RECORDS FOR THE EXERCISE
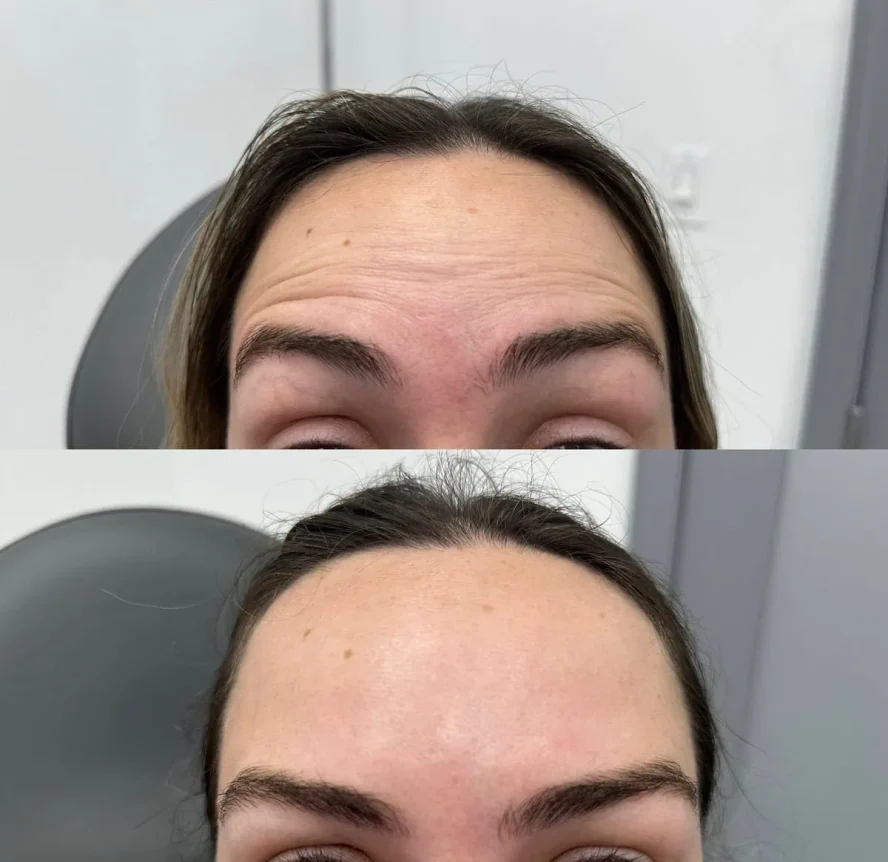 Before and After Botox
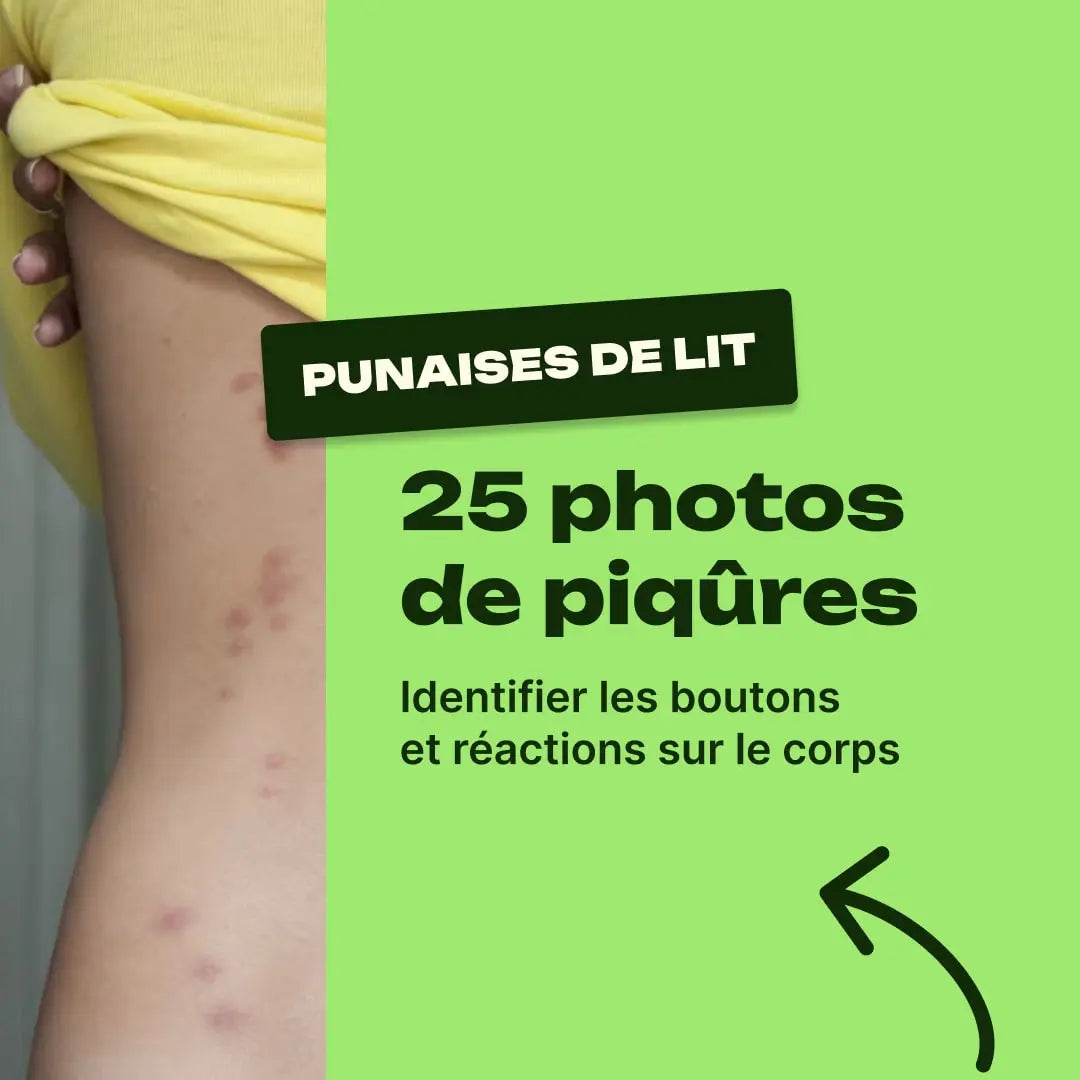 punaise de lit piqure photo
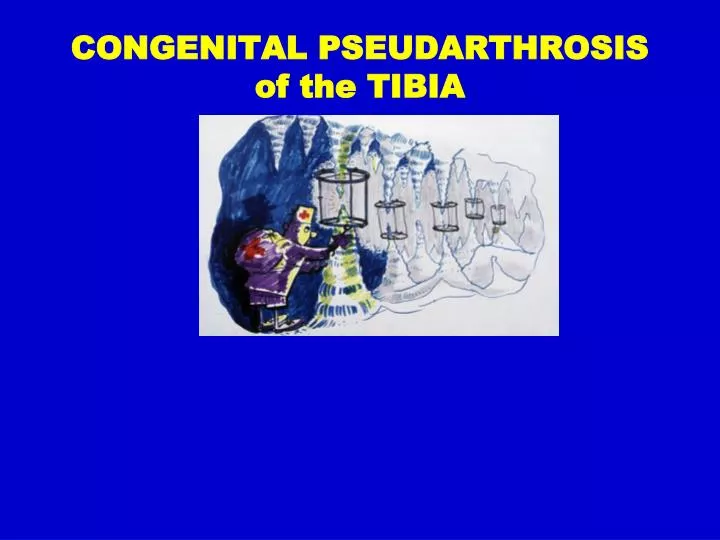 congenital pseudarthrosis of the tibia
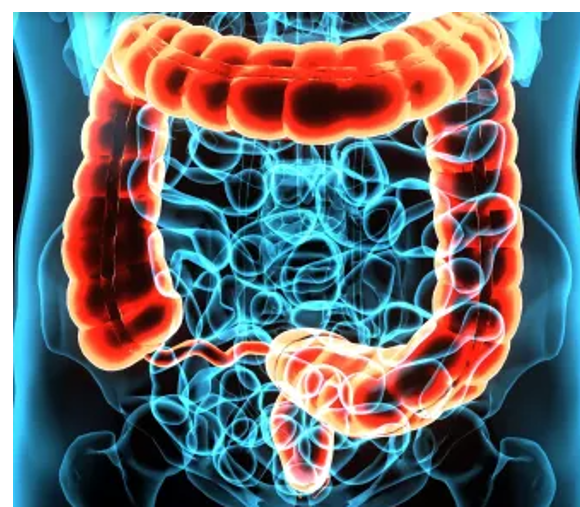 Polypes Intestinaux Remède Naturel Polype du Colon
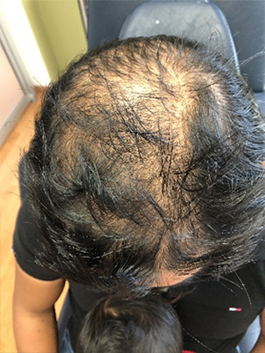 alopecia 1a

EXERCISE AIM
Transcribe each entry above exactly, apart from the pictures.

ANSWER TO THIS TASK
 Before and After Botox
 punaise de lit piqure photo
 congenital pseudarthrosis of the tibia
 Polypes Intestinaux Remède Naturel Polype du Colon
 alopecia 1a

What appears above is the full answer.